Three settings define an MST region: config-name (32-character string), config-revision (0–65535), and the VLAN-to-instance mapping. AOS-CX hashes these into a 16-byte config digest; if two switches compute different digests, they treat each other as separate regions.

switch(config)# spanning-tree
switch(config)# spanning-tree mode mstp
switch(config)# spanning-tree config-name CAMPUS-CORE
switch(config)# spanning-tree config-revision 1

VLAN-to-Instance Mapping

By default, all VLANs map to Instance 0 (CIST/IST). Create additional instances and explicitly map VLANs to balance load:

switch(config)# spanning-tree instance 1 vlan 10-20,30
switch(config)# spanning-tree instance 2 vlan 40-50,99

Tuning Bridge Priority

Priority is set per instance and must be a multiple of 4096. Lower wins.

switch(config)# spanning-tree instance 0 priority 0          # CIST root
switch(config)# spanning-tree instance 1 priority 4096        # MSTI 1 root
switch(config)# spanning-tree instance 2 priority 8192        # MSTI 2 secondary

Reserve priority 0 for the intentional root and priority 4096 for the secondary root. Leaving priorities at 32768 means whichever switch boots first with the lowest MAC becomes root.

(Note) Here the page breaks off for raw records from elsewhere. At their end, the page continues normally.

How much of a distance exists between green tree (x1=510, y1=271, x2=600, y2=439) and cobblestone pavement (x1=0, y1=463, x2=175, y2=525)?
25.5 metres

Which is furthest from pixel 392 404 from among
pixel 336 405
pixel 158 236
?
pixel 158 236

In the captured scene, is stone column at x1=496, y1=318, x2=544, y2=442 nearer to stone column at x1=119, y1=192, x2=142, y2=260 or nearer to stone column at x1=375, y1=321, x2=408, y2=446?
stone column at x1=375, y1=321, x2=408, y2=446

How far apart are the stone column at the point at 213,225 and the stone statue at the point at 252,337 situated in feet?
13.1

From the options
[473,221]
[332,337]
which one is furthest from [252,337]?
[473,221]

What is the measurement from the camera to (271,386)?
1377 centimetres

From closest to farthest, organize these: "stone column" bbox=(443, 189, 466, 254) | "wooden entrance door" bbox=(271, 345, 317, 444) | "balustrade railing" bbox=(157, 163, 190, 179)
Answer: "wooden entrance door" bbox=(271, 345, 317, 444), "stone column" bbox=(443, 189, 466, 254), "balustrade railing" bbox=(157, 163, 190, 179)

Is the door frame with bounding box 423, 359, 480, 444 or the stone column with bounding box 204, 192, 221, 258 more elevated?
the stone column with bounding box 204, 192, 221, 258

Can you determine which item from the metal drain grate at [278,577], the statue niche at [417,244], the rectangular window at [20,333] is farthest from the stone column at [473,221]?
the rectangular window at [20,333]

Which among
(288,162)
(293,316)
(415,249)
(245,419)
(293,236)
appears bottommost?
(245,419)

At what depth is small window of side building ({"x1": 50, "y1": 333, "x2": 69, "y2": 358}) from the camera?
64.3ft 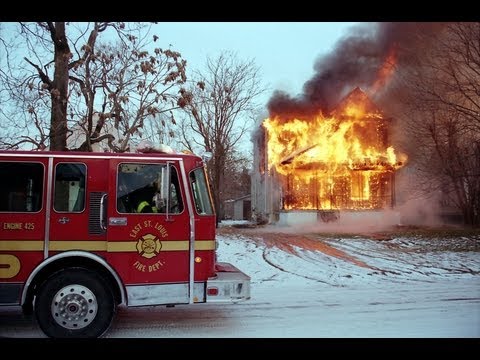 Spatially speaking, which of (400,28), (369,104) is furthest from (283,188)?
(400,28)

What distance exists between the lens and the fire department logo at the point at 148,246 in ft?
21.1

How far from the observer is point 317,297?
9266 mm

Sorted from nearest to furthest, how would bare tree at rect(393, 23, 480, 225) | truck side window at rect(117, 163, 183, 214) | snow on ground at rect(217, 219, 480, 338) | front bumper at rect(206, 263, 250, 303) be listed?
truck side window at rect(117, 163, 183, 214) → front bumper at rect(206, 263, 250, 303) → snow on ground at rect(217, 219, 480, 338) → bare tree at rect(393, 23, 480, 225)

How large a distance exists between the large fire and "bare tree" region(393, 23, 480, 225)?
165cm

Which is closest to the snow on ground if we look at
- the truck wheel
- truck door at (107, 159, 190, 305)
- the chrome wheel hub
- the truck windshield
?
truck door at (107, 159, 190, 305)

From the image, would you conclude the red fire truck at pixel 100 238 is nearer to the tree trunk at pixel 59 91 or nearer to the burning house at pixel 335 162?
the tree trunk at pixel 59 91

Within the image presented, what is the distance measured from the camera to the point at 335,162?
2469 centimetres

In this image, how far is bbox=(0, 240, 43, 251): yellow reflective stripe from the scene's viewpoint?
6184 millimetres

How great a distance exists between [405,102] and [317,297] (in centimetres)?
1599

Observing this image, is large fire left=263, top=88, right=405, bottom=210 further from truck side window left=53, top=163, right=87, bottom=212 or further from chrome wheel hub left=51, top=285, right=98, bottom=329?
chrome wheel hub left=51, top=285, right=98, bottom=329

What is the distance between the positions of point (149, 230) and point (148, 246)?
0.68 ft

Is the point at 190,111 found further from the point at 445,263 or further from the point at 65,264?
the point at 65,264

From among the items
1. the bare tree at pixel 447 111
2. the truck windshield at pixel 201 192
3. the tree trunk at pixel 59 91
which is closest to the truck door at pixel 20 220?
the truck windshield at pixel 201 192

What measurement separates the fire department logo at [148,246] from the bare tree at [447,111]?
1418 cm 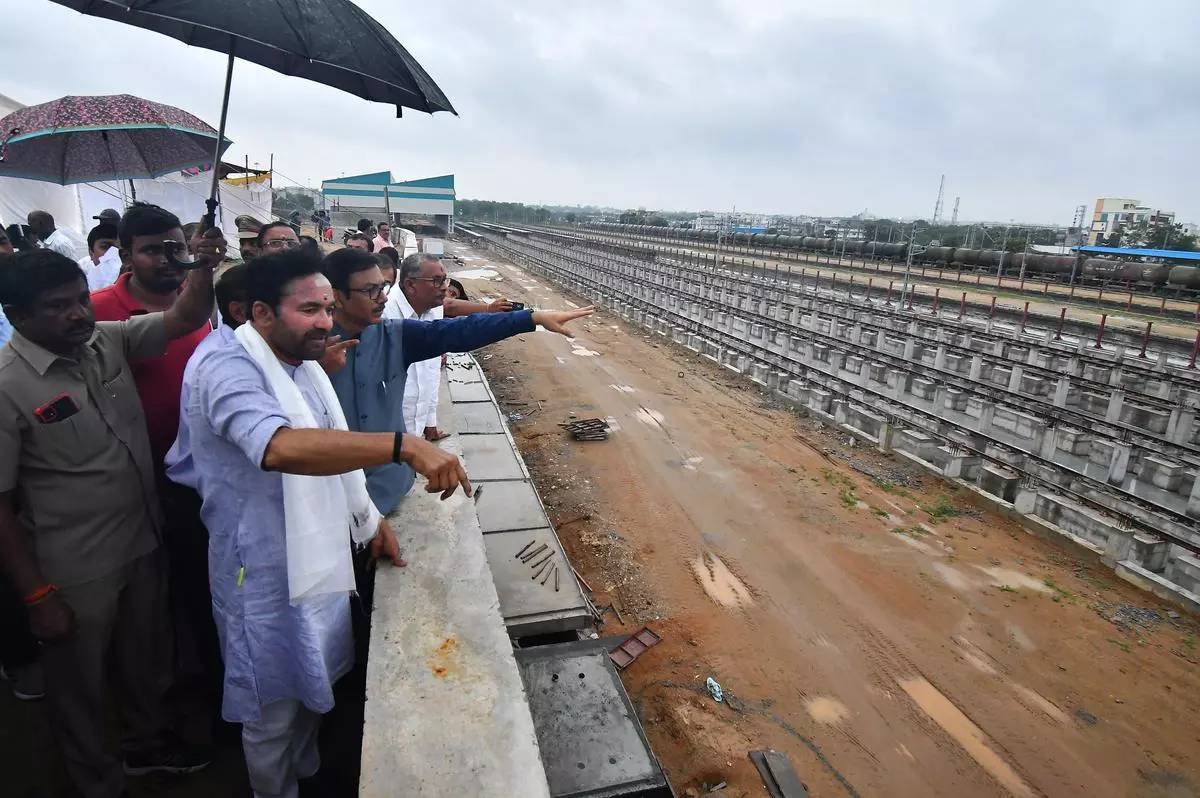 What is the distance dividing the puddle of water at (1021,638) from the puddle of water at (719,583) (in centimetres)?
232

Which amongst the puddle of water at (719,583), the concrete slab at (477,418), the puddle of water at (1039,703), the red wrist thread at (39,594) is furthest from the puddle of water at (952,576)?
the red wrist thread at (39,594)

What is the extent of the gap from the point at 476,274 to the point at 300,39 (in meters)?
36.0

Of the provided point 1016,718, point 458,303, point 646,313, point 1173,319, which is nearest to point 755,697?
point 1016,718

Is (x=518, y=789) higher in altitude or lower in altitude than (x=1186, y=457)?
higher

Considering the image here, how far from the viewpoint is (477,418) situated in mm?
8305

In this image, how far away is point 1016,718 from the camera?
477cm

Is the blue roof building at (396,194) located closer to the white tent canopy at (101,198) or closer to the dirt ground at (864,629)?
the white tent canopy at (101,198)

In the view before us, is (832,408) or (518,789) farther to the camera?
(832,408)

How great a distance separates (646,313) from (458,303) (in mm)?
18202

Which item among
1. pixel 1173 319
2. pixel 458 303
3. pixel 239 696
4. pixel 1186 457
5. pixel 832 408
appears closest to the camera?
pixel 239 696

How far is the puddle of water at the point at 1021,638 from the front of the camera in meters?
5.59

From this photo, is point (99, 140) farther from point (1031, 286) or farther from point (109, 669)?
point (1031, 286)

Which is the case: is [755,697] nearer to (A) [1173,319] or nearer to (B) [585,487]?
(B) [585,487]

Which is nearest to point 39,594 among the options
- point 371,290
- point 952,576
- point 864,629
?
point 371,290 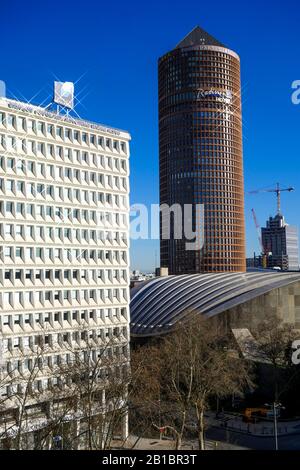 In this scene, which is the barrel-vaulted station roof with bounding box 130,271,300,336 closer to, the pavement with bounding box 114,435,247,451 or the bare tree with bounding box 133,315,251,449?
the bare tree with bounding box 133,315,251,449

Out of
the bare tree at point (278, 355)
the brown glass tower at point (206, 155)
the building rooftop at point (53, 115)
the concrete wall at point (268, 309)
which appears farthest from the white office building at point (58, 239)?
the brown glass tower at point (206, 155)

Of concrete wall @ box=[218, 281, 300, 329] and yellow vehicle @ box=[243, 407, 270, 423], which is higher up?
concrete wall @ box=[218, 281, 300, 329]

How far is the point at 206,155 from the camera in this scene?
18625cm

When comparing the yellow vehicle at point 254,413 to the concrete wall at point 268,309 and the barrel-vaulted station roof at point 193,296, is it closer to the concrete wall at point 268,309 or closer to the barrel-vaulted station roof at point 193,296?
the concrete wall at point 268,309

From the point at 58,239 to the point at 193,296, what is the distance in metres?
32.5

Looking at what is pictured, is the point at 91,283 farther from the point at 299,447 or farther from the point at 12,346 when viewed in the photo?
the point at 299,447

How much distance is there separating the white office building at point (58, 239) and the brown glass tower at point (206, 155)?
123941 millimetres

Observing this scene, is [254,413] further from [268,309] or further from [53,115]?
[53,115]

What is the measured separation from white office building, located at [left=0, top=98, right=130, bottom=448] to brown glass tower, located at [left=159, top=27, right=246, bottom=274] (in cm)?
12394

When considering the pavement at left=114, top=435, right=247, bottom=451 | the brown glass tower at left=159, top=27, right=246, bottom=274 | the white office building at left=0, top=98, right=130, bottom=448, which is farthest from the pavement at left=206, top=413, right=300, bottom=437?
the brown glass tower at left=159, top=27, right=246, bottom=274

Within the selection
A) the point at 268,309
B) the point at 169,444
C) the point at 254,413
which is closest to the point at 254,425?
the point at 254,413

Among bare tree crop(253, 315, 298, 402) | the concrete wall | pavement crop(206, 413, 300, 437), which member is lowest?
pavement crop(206, 413, 300, 437)

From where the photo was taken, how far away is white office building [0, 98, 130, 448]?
50.2m
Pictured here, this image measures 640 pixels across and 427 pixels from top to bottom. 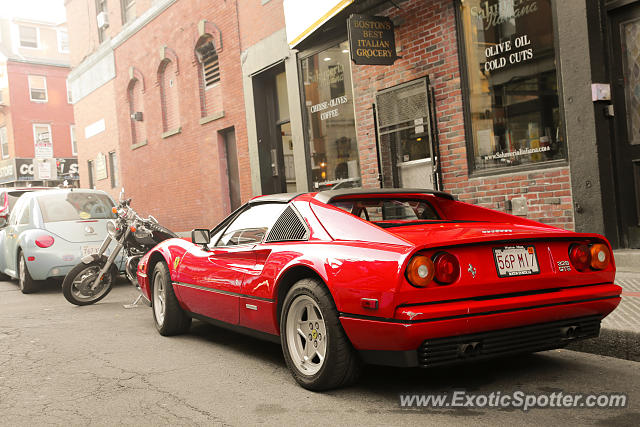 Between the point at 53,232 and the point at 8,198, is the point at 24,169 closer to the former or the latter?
the point at 8,198

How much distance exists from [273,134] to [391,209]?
9246 millimetres

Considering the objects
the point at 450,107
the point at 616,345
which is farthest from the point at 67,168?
the point at 616,345

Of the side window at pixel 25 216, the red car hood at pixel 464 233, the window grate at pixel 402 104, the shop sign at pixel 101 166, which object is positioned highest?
the shop sign at pixel 101 166

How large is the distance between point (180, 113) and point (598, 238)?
569 inches

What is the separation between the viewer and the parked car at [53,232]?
9758 mm

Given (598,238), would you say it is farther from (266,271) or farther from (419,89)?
(419,89)

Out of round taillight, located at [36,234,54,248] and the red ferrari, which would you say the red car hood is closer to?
the red ferrari

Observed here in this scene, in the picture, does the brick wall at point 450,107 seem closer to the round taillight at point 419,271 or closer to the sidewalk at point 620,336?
the sidewalk at point 620,336

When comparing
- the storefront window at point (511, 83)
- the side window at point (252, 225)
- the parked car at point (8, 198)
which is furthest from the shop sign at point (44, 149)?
the side window at point (252, 225)

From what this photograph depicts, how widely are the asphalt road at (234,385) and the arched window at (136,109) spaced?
14.8 m

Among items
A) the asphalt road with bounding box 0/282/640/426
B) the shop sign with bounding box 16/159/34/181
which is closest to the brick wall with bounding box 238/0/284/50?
the asphalt road with bounding box 0/282/640/426

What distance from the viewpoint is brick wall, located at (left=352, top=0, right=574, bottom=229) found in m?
7.88

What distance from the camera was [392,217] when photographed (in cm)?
543

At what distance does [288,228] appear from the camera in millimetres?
4523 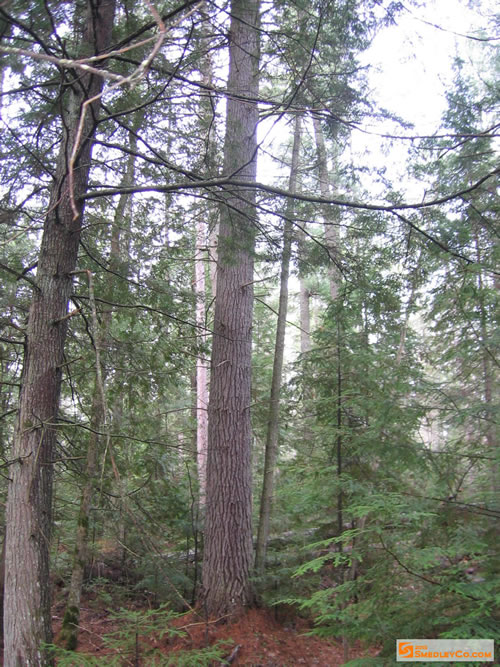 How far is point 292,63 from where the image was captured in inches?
215

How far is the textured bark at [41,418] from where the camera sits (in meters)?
3.50

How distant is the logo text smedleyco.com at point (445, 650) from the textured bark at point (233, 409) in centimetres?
364

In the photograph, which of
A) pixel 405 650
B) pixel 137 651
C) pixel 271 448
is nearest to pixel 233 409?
pixel 271 448

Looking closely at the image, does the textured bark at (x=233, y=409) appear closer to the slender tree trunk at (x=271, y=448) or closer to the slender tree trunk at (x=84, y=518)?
the slender tree trunk at (x=271, y=448)

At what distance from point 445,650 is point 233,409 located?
4223 mm

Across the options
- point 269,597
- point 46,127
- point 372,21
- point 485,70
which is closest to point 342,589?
point 269,597

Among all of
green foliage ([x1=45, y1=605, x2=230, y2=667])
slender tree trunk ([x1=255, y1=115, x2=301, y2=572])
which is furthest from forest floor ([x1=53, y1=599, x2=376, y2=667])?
green foliage ([x1=45, y1=605, x2=230, y2=667])

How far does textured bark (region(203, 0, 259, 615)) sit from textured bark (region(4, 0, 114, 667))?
2.03 meters

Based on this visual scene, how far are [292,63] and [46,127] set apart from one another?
114 inches

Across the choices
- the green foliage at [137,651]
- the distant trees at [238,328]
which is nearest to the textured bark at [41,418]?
the distant trees at [238,328]

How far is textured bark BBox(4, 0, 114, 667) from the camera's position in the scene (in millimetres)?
3496

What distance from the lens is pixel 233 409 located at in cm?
673

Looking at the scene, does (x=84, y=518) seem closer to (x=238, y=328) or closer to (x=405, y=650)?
(x=238, y=328)

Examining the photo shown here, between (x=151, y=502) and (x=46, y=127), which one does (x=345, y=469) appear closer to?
(x=151, y=502) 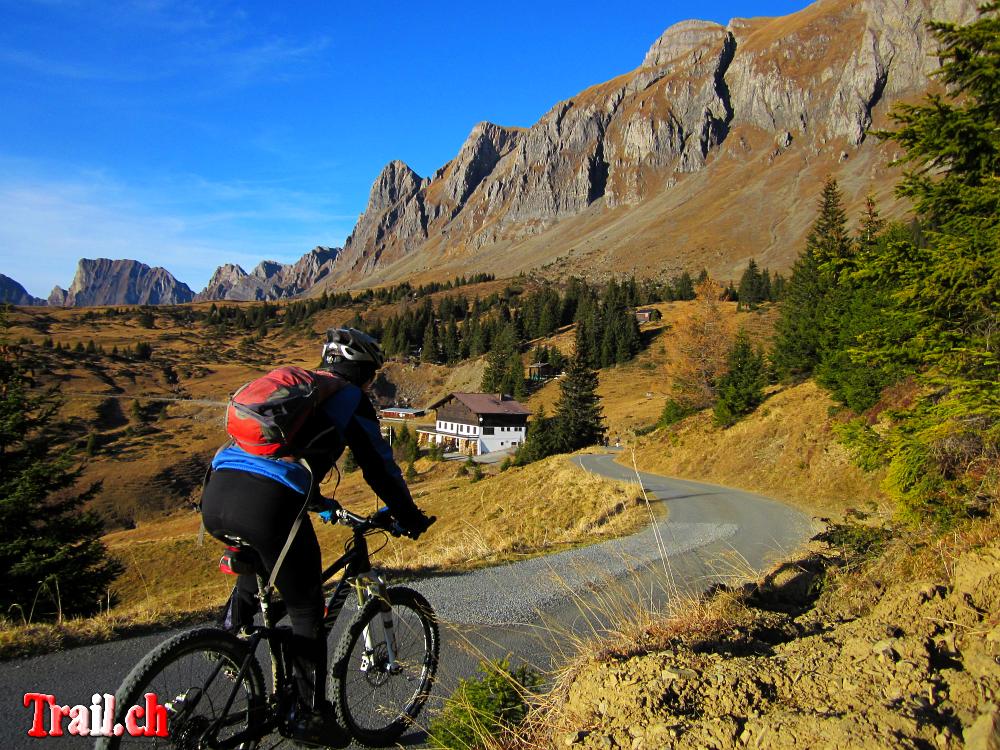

Two-Switch Active/Active Example

DIST-A roots MSTI 1 (VLANs 10–20); DIST-B roots MSTI 2 (VLANs 40–50). Each is the secondary for the other:

# DIST-A
spanning-tree instance 1 priority 0          ! root for MSTI 1
spanning-tree instance 2 priority 4096        ! secondary for MSTI 2

# DIST-B
spanning-tree instance 1 priority 4096        ! secondary for MSTI 1
spanning-tree instance 2 priority 0          ! root for MSTI 2

Per-Port Cost and Priority

switch(config)# interface 1/1/49
switch(config-if)# spanning-tree instance 1 cost 1000
switch(config-if)# spanning-tree instance 1 port-priority 16

Verification

switch# show spanning-tree
switch# show spanning-tree mst-config
switch# show spanning-tree mst 1
switch# show spanning-tree detail

show spanning-tree mst-config echoes the config-name, revision, and digest hash — the easiest way to spot a region mismatch.

Post-reading Check — Section 2

1. Which three settings define an MST region?

A. Bridge priority, hello time, and forward delay.

B. Config-name, config-revision, and VLAN-to-instance mapping.

C. Hostname, MAC address, and VLAN list.

D. Port role, port state, and path cost.

2. What value must MSTP bridge priority be a multiple of?

A. 1024

B. 2048

C. 4096

D. 8192

3. If a VLAN is not explicitly mapped to a numbered MSTI, where does it live?

A. It is dropped silently.

B. Instance 0 (CIST/IST).

C. The highest-numbered instance.

D. A floating instance auto-allocated per switch.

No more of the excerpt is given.